Ульяна Донскова: «Когда я говорю, что у моего ребенка аутизм, я не хочу, чтобы меня жалели»
Ульяна Донскова — художественная гимнастка, капитан сборной России, выигравшей Олимпийские игры 2012 года в Лондоне в групповом многоборье, многократная чемпионка мира и Европы. Заслуженный мастер спорта России. Мама Ромы (6 лет). Поговорили о прошлом и будущем, получили разрешение на публикацию фото из инстаграма с оригинальными подписями Ульяны и посмотрели сто раз подряд фантастическое выступление нашей сборной на Олимпиаде.
С Рубеном мы познакомились на хоккее. Он тогда работал менеджером хоккейного клуба ЦСКА, а я пришла на стадион с подругой по команде Каролиной Севастьяновой.

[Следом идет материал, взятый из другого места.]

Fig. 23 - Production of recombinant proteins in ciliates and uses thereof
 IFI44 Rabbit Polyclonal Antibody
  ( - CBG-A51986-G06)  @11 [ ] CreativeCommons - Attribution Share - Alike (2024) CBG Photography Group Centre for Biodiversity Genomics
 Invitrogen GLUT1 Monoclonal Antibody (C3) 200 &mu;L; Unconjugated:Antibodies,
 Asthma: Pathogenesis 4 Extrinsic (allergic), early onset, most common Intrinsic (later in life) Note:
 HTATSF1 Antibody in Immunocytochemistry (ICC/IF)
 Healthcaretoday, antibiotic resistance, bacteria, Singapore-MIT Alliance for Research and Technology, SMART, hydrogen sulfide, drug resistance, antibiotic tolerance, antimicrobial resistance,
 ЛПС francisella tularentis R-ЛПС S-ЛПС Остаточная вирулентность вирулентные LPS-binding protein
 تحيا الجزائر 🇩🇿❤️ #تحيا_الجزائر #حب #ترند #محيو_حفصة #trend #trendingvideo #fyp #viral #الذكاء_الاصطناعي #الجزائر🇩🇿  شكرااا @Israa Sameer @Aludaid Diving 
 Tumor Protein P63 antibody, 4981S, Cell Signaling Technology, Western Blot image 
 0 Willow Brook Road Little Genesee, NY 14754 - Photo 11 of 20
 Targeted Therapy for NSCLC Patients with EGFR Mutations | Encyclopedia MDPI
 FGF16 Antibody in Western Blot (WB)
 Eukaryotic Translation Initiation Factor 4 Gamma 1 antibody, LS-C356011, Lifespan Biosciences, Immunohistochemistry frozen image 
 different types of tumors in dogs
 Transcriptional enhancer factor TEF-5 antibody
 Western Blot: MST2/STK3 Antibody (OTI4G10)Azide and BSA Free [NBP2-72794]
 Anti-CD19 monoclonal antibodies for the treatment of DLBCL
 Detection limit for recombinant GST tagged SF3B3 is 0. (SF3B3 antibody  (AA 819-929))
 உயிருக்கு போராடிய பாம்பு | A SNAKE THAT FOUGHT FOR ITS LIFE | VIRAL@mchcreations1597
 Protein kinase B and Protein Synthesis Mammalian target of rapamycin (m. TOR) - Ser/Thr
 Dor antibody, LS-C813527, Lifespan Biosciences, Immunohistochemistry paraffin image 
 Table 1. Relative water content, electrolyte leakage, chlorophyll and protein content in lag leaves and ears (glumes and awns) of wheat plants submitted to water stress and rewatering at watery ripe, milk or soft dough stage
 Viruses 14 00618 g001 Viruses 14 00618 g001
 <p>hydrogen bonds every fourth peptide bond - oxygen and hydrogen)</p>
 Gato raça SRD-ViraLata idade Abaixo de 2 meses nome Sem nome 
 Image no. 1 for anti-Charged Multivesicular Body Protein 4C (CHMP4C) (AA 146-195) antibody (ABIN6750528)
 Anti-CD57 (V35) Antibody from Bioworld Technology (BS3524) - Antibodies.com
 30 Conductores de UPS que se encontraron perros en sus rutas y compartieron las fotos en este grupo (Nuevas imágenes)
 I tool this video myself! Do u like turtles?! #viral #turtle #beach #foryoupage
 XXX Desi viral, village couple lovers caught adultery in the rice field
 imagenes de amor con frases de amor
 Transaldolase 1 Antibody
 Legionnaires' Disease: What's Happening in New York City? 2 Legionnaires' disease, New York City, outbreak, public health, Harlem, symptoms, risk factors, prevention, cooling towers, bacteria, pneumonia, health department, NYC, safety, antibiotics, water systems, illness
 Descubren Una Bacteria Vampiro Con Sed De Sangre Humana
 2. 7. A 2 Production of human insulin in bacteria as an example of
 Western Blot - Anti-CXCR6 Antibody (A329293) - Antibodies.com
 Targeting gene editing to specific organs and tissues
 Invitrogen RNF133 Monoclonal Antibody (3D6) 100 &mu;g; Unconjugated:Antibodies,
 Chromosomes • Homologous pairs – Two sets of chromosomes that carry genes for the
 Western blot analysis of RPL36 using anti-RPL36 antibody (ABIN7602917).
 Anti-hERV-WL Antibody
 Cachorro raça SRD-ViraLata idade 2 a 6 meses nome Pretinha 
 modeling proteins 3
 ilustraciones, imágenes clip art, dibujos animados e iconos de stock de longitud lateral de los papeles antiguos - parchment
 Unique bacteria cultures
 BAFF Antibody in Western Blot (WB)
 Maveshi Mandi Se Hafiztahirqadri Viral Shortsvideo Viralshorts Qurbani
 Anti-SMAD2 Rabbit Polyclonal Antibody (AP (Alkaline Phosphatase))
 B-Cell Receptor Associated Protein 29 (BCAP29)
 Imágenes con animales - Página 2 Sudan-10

И в этот же день вечером мы снова встретились — в компании Андрея Кириленко и других баскетболистов, с которыми мы вместе участвовали в Олимпийских играх в Лондоне, где я стала чемпионкой. Вот с этого момента мы с Рубеном стали общаться, дружить. А встречаться начали только спустя полгода со дня знакомства. После свадьбы мы уехали в США. У Рубена уже было два образования, которые он получил в России, а в Америке он поступил на МВА. Я тоже училась, получила диплом школы английского языка. После окончания учебы мы планировали вернуться в Россию. Но когда узнали, что я забеременела, решили, что сначала родим, а потом вернемся.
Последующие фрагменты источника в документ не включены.